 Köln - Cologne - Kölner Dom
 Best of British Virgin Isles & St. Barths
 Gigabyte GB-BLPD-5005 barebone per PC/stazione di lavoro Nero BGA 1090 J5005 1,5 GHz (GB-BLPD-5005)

○ ○ ○ ○ ○ ○ ○

_Problem details_. Transcribe the listing above in full, so that every line matches exactly.

_Exercise answer_.
 Köln - Cologne - Kölner Dom
 Best of British Virgin Isles & St. Barths
 Gigabyte GB-BLPD-5005 barebone per PC/stazione di lavoro Nero BGA 1090 J5005 1,5 GHz (GB-BLPD-5005)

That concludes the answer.